Johnson is hoping all the information can help him take that next step to the Major Leagues. The 24-year-old right-hander will be in Cubs camp when pitchers and catchers convene for their first workout on Feb. 20 in Mesa.
"I asked Jake about his approach and different things," Johnson said. "I couldn't tell you how excited I was for how cool he was. He said, 'Hey, man, let's go watch video on you and we can talk about it.' Just the impression he made on me with that changed Spring Training for me and helped me a lot.
"All the success for [Arrieta] this year was awesome to see. You love seeing guys who work so hard and really approach the game the right way have success like that. He's a true testament of that. You work hard, and you have success."
Arrieta and Johnson discussed how to attack a hitter, and the latter said he applied Arrieta's advice during the season. However, he didn't adopt all of Arrieta's nuances and start eating kale with every meal or add pilates to his daily routine.

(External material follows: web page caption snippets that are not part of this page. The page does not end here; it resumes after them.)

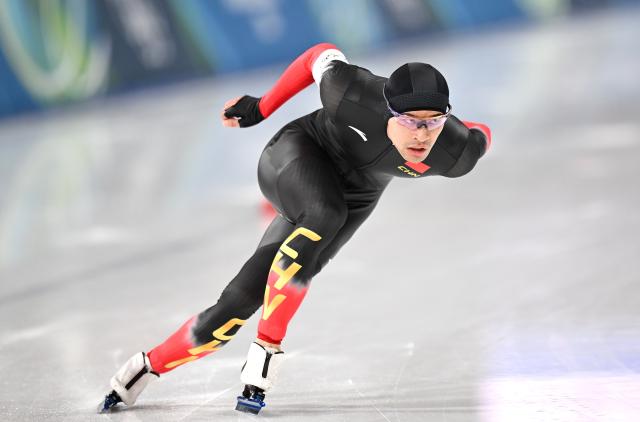 (260219) -- MILAN, Feb. 19, 2026 (Xinhua) -- Ning Zhongyan of China competes during the speed skating men's 1500m event at the Milan-Cortina 2026 Olympic Winter Games in Milan, Italy, Feb. 19, 2026. (Xinhua/Wu Wei)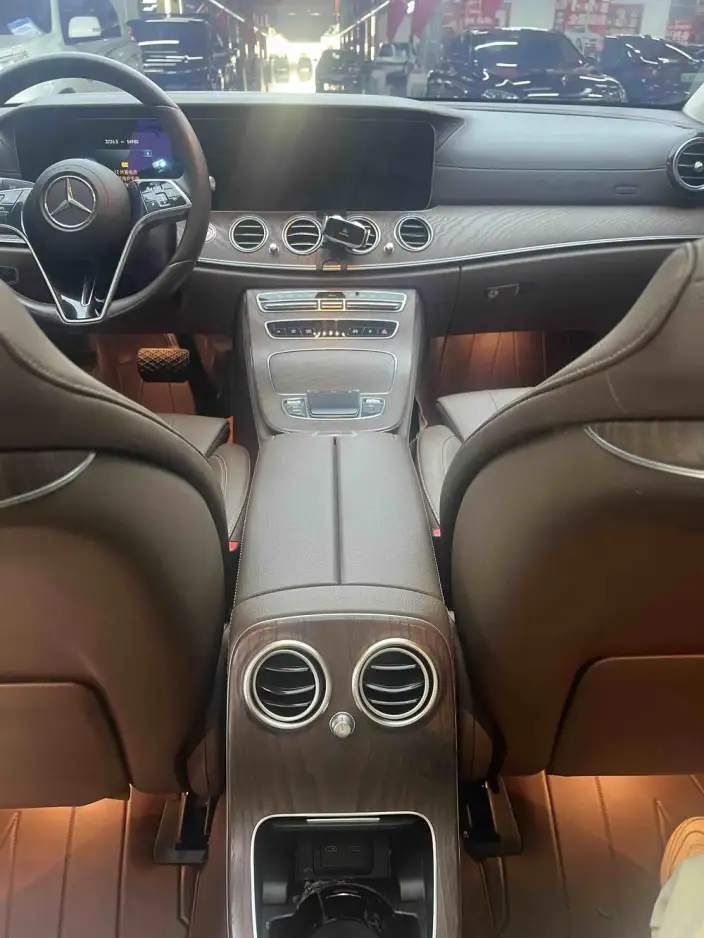 Mercedes-Benz E-Class 2022 Model E 260 L sedan – фото 8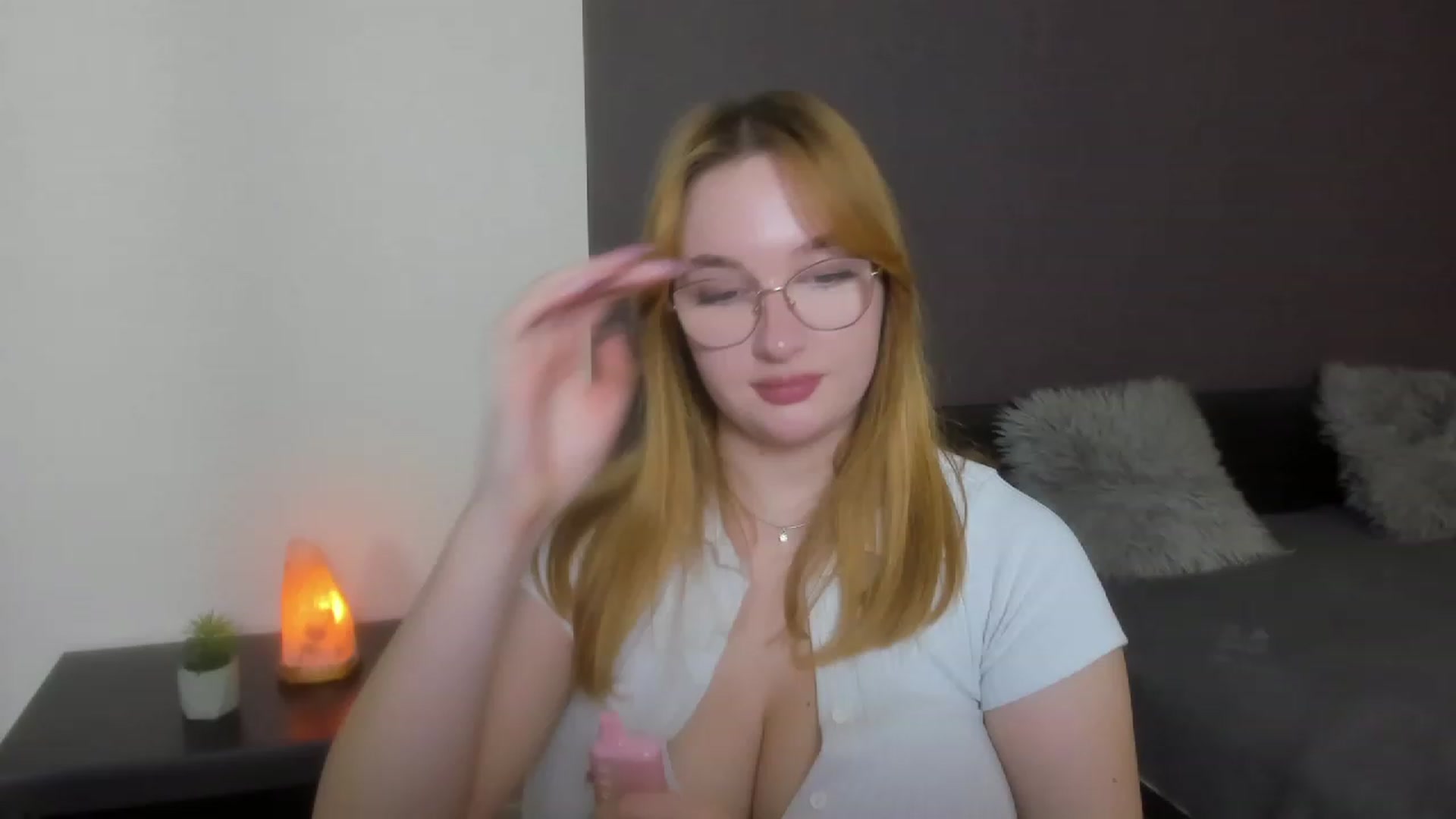 Gallery image thumbnail from AnaFoxy's myfreecams stream on, 11/29/2023, 11:32 image 15 of 20
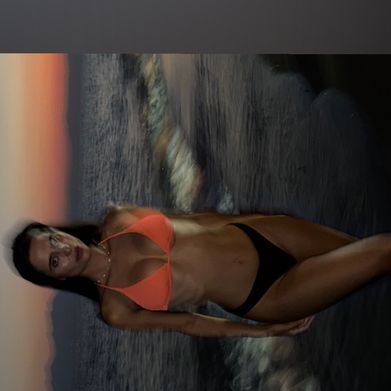 Malou Bay (malou03) Header Photo Added 2024-10-30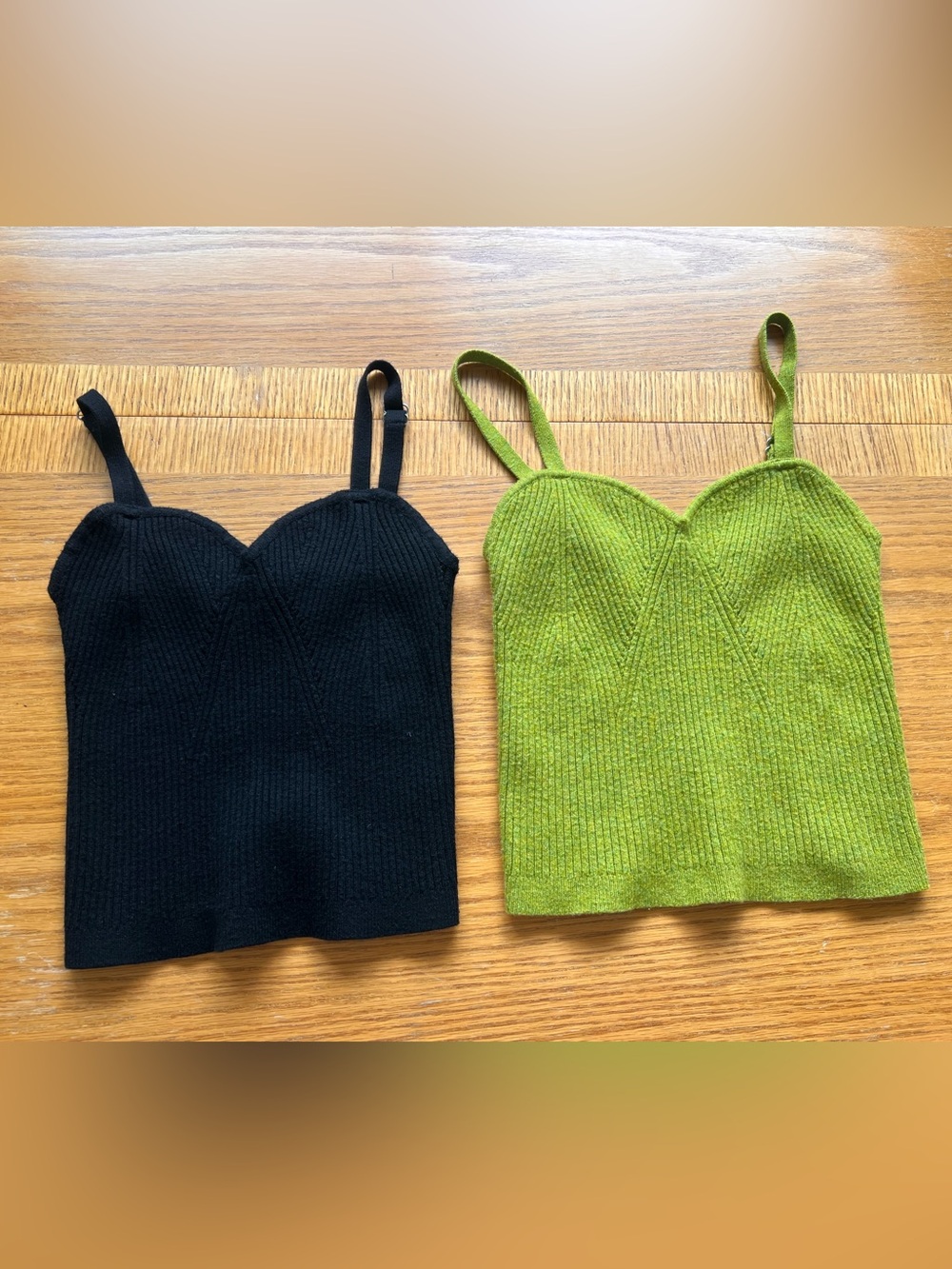 2 Knit Tank Tops Size XS Excellent Condition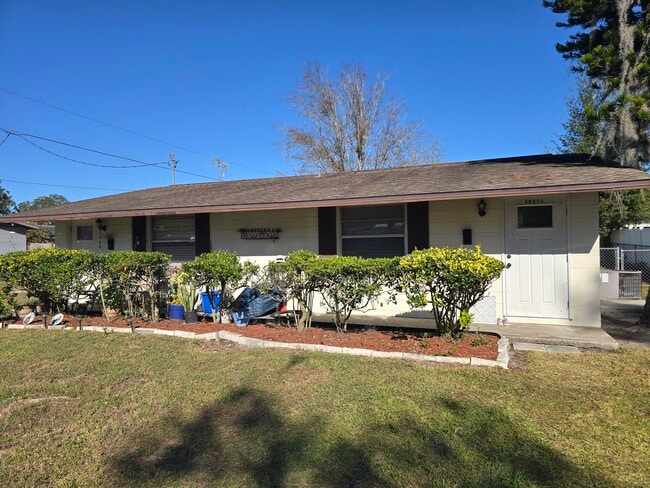 Photo - 38835 B Ave Unit Zephyrhills apartment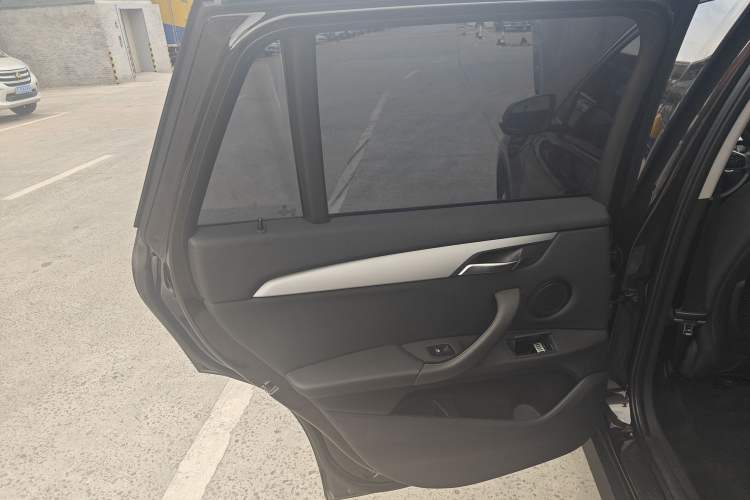 Used BMW X1 2016 sDrive18Li Premium Edition Interior 8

"What I took away from him and Lester was that whatever they did, they were focused and whatever the task at hand was, they conquered it," Johnson said. "That was something I implemented in my game and [it] helped me a lot."

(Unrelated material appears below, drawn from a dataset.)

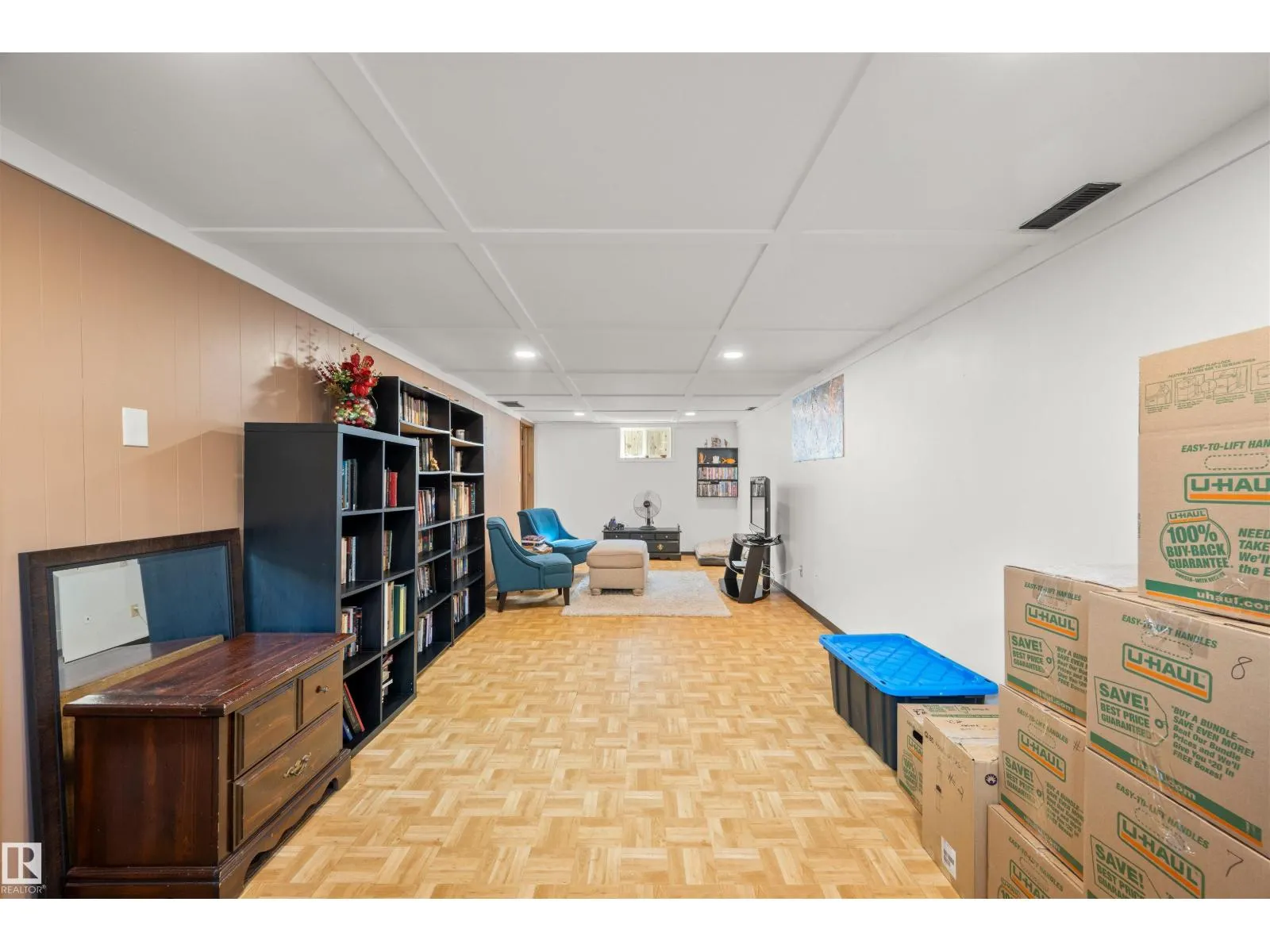 11005 38 ST NW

The start of the 2015 season was a tough one for Johnson, the 43rd player taken in the 2012 Draft. The righty appeared in two Cactus League games last spring before sustaining a lat injury in March. The Cubs opted to take a cautious approach in his rehab. According to Johnson, being sidelined turned out to be "a blessing in disguise."
"They've always told me to work on my changeup," Johnson said. "I threw my changeup way more this year than any other time."
The injury gave Johnson extra time to fine-tune the pitch during his side sessions. When he finally joined Double-A Tennessee in June, he incorporated it into games.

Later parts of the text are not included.